Integrity
Version History
Version 3.7.3
released November 2011
Links to subdomains can be considered as internal rather than external. ie peacockmedia.co.uk and www.peacockmedia.co.uk are considered the same site (which is not necessarily true but most people would expect) and therefore both are followed. Adds checkbox in global preferences to switch this option. Default is on. With the option on, Integrity will discover more links (and potentially more bad links) on certain websites. Option needs to be switched off if you wish to deliberately limit your crawl to one subdomain
Fixes memory problem, helping application to deal with larger sites
Bug fix and small improvement to 'my sites' drawer
Closing main window quits application after 'are you sure' dialogue
Version 3.7.2
released October 2011
Exports .dot file (standard format used by graphing applications) which can be opened as a visualisation in third-party graphing apps. includes colour to indicate levels.

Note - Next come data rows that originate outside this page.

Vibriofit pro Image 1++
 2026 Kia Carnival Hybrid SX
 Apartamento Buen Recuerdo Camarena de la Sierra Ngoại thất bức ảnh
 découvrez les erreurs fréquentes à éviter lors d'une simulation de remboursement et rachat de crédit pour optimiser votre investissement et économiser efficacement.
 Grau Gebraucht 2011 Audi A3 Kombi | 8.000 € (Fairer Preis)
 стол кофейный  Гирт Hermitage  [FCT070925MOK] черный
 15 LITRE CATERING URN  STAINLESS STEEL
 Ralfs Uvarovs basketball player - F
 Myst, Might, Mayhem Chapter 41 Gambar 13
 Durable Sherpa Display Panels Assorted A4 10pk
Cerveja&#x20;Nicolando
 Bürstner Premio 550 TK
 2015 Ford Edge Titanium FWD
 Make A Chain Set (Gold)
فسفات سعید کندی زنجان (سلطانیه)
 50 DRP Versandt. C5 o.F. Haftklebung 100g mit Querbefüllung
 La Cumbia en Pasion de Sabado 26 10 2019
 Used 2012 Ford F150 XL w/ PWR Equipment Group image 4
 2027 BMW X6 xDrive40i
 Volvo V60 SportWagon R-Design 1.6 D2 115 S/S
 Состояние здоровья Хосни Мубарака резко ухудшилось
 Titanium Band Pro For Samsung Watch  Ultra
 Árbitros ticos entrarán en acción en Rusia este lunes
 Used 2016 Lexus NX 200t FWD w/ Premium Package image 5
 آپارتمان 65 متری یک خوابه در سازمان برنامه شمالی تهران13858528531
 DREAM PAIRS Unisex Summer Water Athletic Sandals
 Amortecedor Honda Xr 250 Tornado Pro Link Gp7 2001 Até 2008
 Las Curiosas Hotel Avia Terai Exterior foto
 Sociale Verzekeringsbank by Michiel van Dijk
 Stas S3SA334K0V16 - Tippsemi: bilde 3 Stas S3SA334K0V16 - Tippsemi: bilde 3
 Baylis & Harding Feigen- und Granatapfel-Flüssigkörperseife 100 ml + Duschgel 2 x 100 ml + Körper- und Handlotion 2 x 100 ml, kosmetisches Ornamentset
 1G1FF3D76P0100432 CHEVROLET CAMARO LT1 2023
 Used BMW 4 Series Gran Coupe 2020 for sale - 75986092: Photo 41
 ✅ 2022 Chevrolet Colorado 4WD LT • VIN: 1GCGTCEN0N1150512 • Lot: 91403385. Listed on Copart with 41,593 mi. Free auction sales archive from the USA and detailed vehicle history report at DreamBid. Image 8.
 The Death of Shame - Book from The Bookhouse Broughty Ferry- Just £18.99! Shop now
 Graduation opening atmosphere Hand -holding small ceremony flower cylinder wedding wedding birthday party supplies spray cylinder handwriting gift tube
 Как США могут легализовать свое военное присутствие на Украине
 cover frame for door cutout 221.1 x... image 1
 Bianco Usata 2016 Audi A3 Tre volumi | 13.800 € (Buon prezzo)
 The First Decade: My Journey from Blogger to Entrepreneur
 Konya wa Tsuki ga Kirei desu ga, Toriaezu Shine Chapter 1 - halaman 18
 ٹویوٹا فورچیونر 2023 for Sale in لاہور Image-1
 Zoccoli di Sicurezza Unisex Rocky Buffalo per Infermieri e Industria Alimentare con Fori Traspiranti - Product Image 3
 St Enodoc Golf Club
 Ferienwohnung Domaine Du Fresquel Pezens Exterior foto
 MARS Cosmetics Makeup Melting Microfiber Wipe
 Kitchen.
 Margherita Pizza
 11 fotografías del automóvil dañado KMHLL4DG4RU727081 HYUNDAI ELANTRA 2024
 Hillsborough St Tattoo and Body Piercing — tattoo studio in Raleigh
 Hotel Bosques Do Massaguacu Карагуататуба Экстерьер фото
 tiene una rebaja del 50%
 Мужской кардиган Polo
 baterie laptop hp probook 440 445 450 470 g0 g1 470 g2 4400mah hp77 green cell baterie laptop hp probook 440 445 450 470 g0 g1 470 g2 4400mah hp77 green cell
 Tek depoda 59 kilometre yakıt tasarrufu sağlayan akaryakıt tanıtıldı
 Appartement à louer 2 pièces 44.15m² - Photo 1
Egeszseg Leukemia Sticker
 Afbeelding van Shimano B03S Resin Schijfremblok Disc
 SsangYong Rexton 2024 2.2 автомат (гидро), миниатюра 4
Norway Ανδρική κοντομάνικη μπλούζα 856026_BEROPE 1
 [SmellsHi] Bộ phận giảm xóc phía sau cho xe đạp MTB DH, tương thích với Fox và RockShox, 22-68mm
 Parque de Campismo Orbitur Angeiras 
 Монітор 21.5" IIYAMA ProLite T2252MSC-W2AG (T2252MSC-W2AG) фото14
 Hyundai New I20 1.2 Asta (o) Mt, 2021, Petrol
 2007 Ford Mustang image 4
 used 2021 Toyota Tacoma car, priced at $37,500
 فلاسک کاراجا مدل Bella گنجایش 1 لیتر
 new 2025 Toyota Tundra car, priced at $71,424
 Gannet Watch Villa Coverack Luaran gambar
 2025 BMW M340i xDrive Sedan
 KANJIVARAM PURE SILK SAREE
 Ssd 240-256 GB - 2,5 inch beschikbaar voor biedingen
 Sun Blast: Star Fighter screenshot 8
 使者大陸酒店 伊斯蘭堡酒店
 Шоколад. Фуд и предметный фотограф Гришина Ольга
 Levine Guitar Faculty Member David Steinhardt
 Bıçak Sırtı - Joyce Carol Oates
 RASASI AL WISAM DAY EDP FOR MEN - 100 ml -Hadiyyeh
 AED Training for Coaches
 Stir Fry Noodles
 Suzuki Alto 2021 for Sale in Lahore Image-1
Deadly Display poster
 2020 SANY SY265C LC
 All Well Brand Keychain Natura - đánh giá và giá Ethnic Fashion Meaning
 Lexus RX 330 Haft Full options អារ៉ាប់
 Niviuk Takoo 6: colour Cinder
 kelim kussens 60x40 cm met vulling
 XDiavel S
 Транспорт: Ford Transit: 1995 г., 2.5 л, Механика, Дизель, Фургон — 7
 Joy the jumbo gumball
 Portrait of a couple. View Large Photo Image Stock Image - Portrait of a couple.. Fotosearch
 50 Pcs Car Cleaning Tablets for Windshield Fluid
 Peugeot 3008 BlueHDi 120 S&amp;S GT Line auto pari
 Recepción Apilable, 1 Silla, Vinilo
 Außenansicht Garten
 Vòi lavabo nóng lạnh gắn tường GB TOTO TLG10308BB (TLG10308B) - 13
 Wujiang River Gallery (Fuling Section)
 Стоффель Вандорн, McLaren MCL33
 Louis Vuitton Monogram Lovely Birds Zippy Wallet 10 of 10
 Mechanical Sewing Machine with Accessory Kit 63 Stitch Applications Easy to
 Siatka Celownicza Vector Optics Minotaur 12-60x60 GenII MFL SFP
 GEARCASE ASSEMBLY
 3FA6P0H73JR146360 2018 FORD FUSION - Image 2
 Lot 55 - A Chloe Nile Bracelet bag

Accessed via File>Export or a new toolbar button added via 'Customize toolbar...'
Fixes problems with 'Re-check broken links' and 'Re-check this link'
Fixes 'on page as title / url' preference (broken in last version)
Adds 'Getting started' to the Help menu and splash screen
replaces 'Bad links' icon with a more suitable one (previous one looks like 'delete')
Fixes glitch with 'Inspect selected' button when flat view is showing
Version 3.7.1
released October 2011
Single version compatible with OSX 10.4 Tiger through to 10.7 Lion (minimum Intel / ppc 10.4)
(since v3.6, an older version, v3.5 was offered to Tiger users)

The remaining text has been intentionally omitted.